Why? Because each year you live you have a chance of racking up another car accident. In general, the older you live, the more car accidents you are likely to have had.
If you want to know whether people who have more accidents are more likely to live longer becauseof the car accidents, you have to do something like take 40 year-olds and compare the number of 40 year-olds that make it to 41 in your high and low accident groups (simple check), or use any one of a number of more sophisticated methods to filter out the age-car accident relation.
The Purdue example is somewhat more contained, because the event of taking a Course Signals class or set of classes happens once per semester. But what I am asking is whether
- the number of classes a student took is controlled, for, and more importantly,
- whether first to second year retention is calculated as
- the number of students that started year two / the number of students who started year one (our car accident problem), or
- the number of students who started year two / the number of students who finished year one (our better measure in this case).
Pointing to the first of these posts, I suggested that a response from the Purdue researchers would be helpful. (It still would be.) Now Al Essa, recently of Desire2Learn and currently of McGraw Hill, has done a more mathematically rigorous analysis showing that Mike’s intuition appears to be correct. He took the Purdue findings, substituted the phrase “were given a chocolate” for “took a class using Course Signals,” and ran a simulation to see whether he could reproduce the Purdue results with no causal connection between the chocolatey intervention and the retention results:
The following are some results from the simulation. The first row displays retention rates for students who received no chocolates. The second row displays retention rates for students who received at least one chocolate. The last row shows students who received two or more chocolates. Why track students who received two or more chocolates? Because the authors of the study claim that two is the “magic number” where significant retention gains kick in.
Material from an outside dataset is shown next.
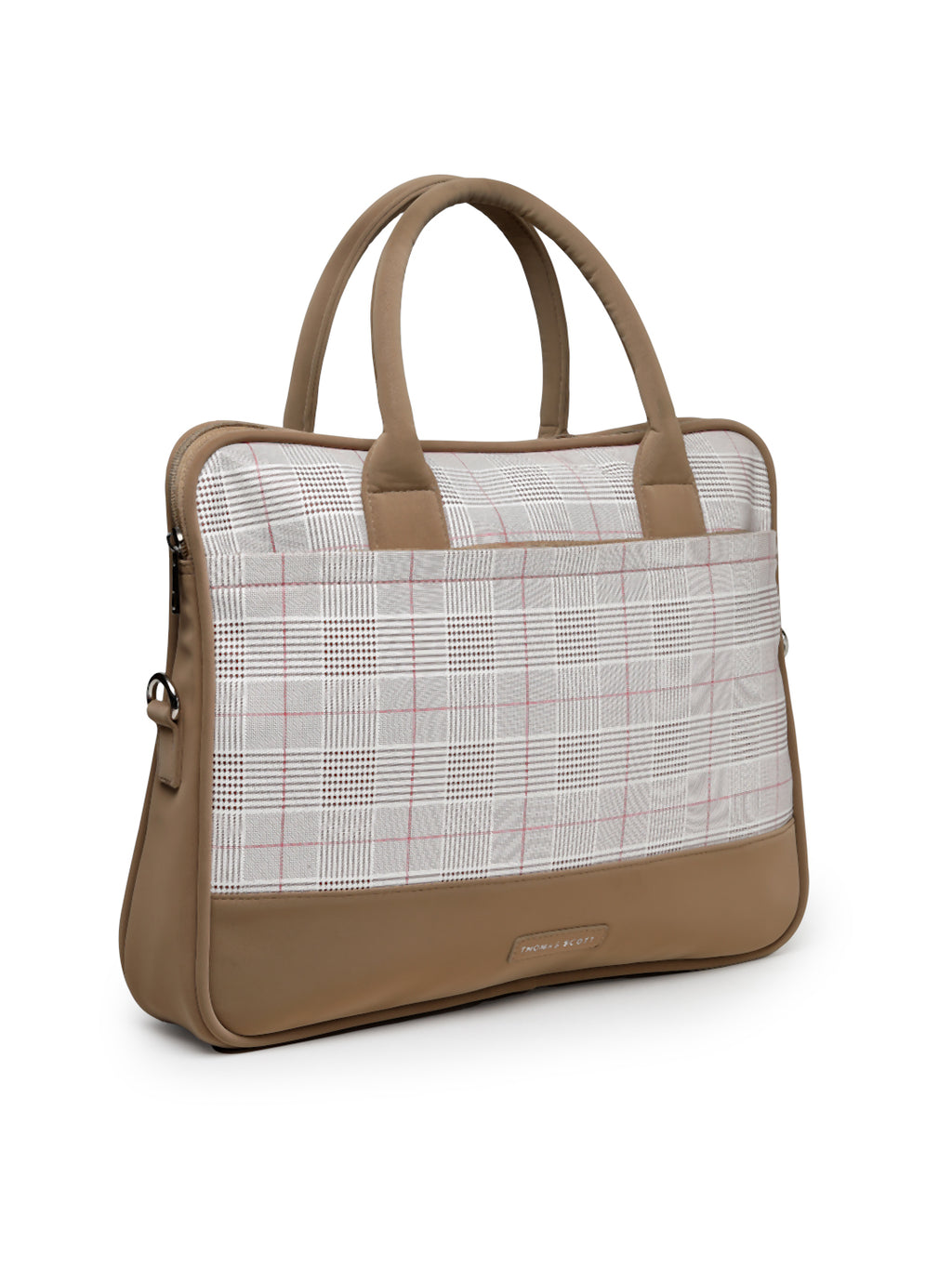 Thomas Scott Men Checked PU Laptop Bag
The simulation data shows us that the retention gain for students is not a real gain (i.e. causal) but an artifact of the simple fact that students who stay longer in college are more likely to receive more chocolates. So, the answer to the question we started off with is “No.”. You can’t improve retention rates by giving students chocolates.
This is a problem that goes well beyond Course Signals itself for several reasons. First, both Desire2Learn and Blackboard have modeled their own retention early warning systems after Purdue’s work. For that matter, I have praised Course Signals up and down and criticized these companies for not modeling their products more closely on that work, largely based on the results of the effectiveness studies. So we don’t know what we thought we knew about effective early warning systems. The fact that the research results appear to be spurious does not mean that systems like Course Signals has no value, but it does mean that we don’t have the proof that we thought we had of their value.
More generally, we need to work much harder as a community to critically evaluate effectiveness study results. Big decisions are being made based on this research. Products are being designed and bought. Grants are being awarded. Laws are starting to be written. I believe strongly in effectiveness research, but I also believe strongly that effectiveness research is hard. The Purdue results have been around for quite a while now. It is disturbing that they are only now getting critical examination.
Update: Seeing some of the posts in the comments thread, I feel the need to make a clarification in fairness to Purdue. They have two important sets of research findings, only one of which is being called into question here. Their early findings, that Course Signals can increase student grades and chances of completion within a class, are not being challenged here. Those are important results. The findings that are being questioned are their longitudinal analysis showing that students who Course Signals in one class are more likely to do well in future classes. Even there, it is possible that Course Signals does have some long-term effect. The point is simply that the result the researchers got in their analysis looks suspiciously similar to the results one would get from a fairly straightforward selection bias.